Manchester By The Sea – A Review


Here’s a good rule of thumb – if Kyle Chandler shows up in a movie, it’s probably good. I’m sure that there are exceptions to this, but in general it holds up. Chandler is rarely the star – he always has a small but significant part – yet he has demonstrated pretty good taste in choosing the movies in which he appears after his role as Coach Eric Taylor on Friday Night Lights. Carol, Zero Dark Thirty, The Wolf of Wall Street, and Argo all have two things in common – Kyle Chandler turns up and all of them received Oscar nominations. The Spectacular Now was an indie darling. His presence is often a pleasant surprise; rarely do I go into a movie expecting to see Chandler, but like the harbinger of good things, I am always relieved to see his face. If it’s good enough for Kyle Chandler, it’s probably good enough for me.

So I was delighted when I discovered that Chandler has a role in Manchester By The Sea. I had gone into the movie knowing very little about the plot and while the film had a lot of positive buzz around it, I wasn’t fully sure what to expect. Enter Kyle Chandler stage right and I knew everything was going to be fine. Manchester By The Sea is a drama that is sad and tragic, but also occasionally has moments of humor and lightness. The story is simple, but the characters are incredibly complex; the actors that inhabit them give beautifully nuanced performances that leave an impression. At times, Manchester By The Sea can be unbearably sad. I cried many times while watching it in the theater and I really hate doing that.
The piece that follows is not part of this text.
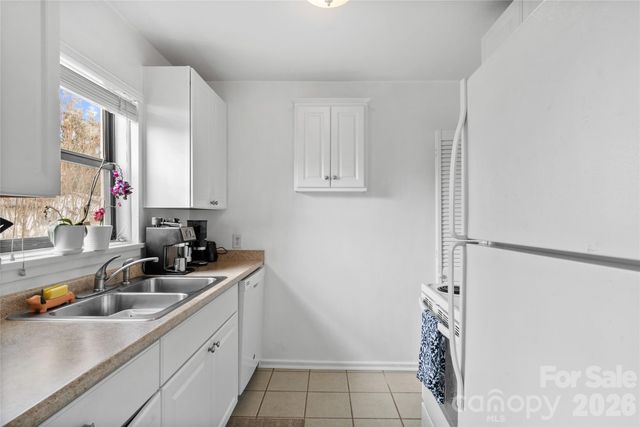 615 Biltmore Avenue H-2, Asheville, NC 28803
But there is beauty in that sadness, a compelling story about loss, grief, and family.

Casey Affleck stars as Lee Chandler, a janitor for an apartment complex in Quincy, Massachusetts. Lee is a loner and seems ready to lash out at the world, especially after he has been drinking. When his brother Joe (Kyle Chandler) dies, Lee is surprised to discover that he has been named the guardian of his teenaged nephew Patrick (Lucas Hedges). Taking care of Patrick requires Lee to move back to Manchester-by-the-Sea, where he is forced to face his own tragic history, personified by his ex-wife Randi (Michelle Williams). Lee tries to help Patrick through his own grief while battling his own demons.

There is no doubt that Manchester By The Sea is a sad movie, but it also finds the humor in grief. There are a lot of humorous exchanges between Lee and Patrick as they explore the unchartered waters of their new reality. Patrick is a good kid, but he’s also a bit of a wiseass and both he and Lee are undoubtedly using comedy to help them deal with the death of Joe. This humor helps balance Manchester By The Sea out; the film can delve into some very dark territory but the viewer never feels like they are completely drowning in sadness because there is inevitable some laughs around the corner. They cut the tension and make Manchester a better movie.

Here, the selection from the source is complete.